> _Exercise aim_: Keep the pictures out. Copy every line of the listing exactly.

> _Material provided_:
= = = =

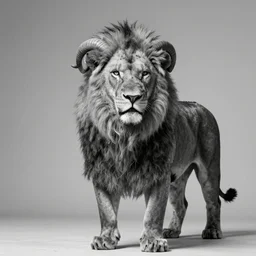 rare classified photo, black & white, studio lighting, a fat standing lion bear, horns, real fur, real skin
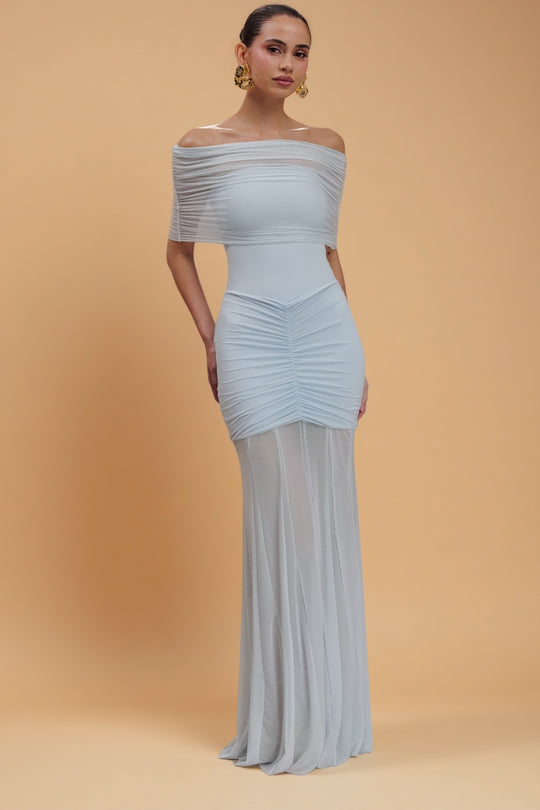 Caspian Off-Shoulder Mesh Maxi Dress
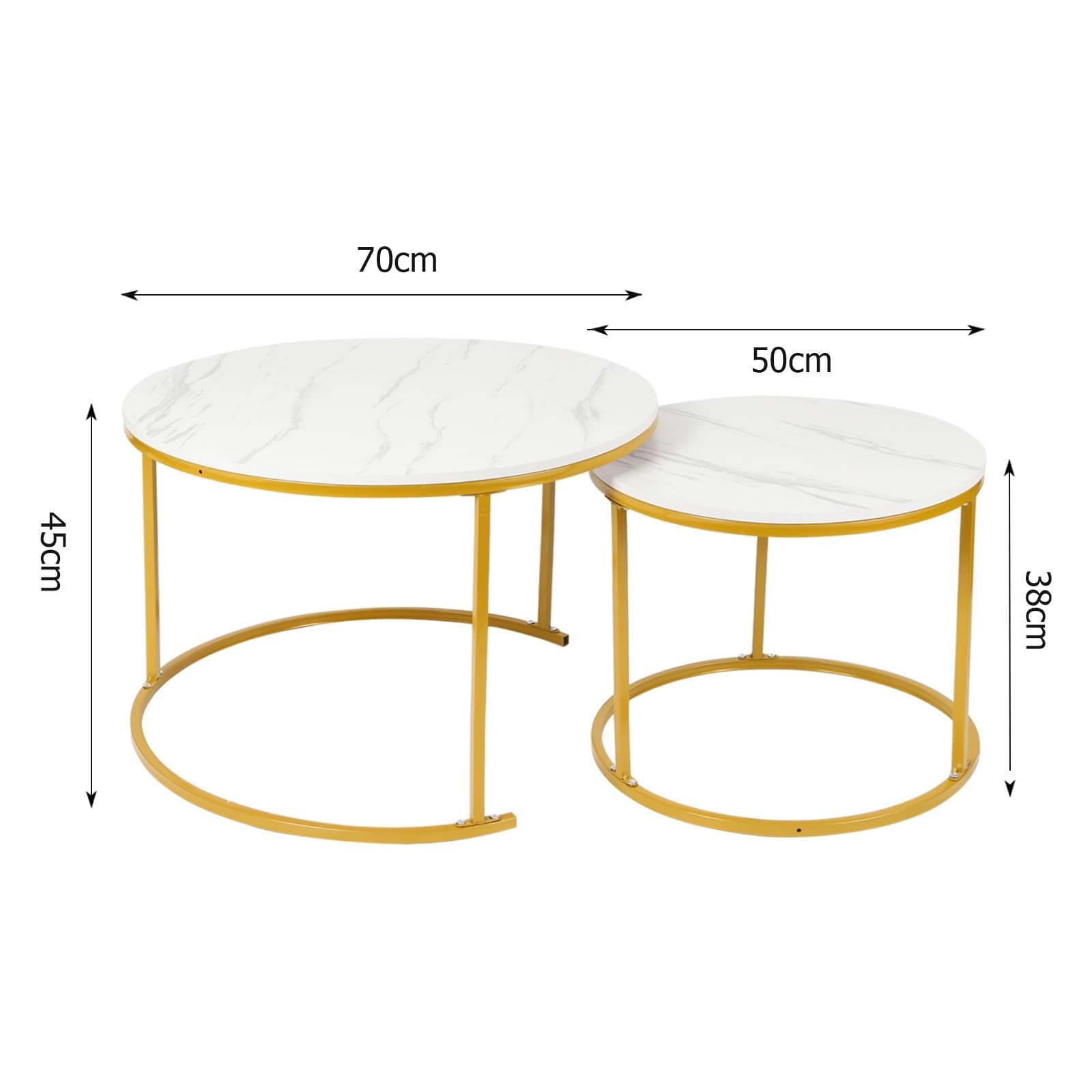OHMG Set di 2 tavolino da salotto effetto marmo, tavolino per soggiorno, diametro 70 + 50 cm, grandi tavoli estraibili rotondi, aspetto marmo e struttura in acciaio dorato (bianco+oro-70 x 70 x 45 cm)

= = = =

> _Task result_:
 rare classified photo, black & white, studio lighting, a fat standing lion bear, horns, real fur, real skin
 Caspian Off-Shoulder Mesh Maxi Dress
OHMG Set di 2 tavolino da salotto effetto marmo, tavolino per soggiorno, diametro 70 + 50 cm, grandi tavoli estraibili rotondi, aspetto marmo e struttura in acciaio dorato (bianco+oro-70 x 70 x 45 cm)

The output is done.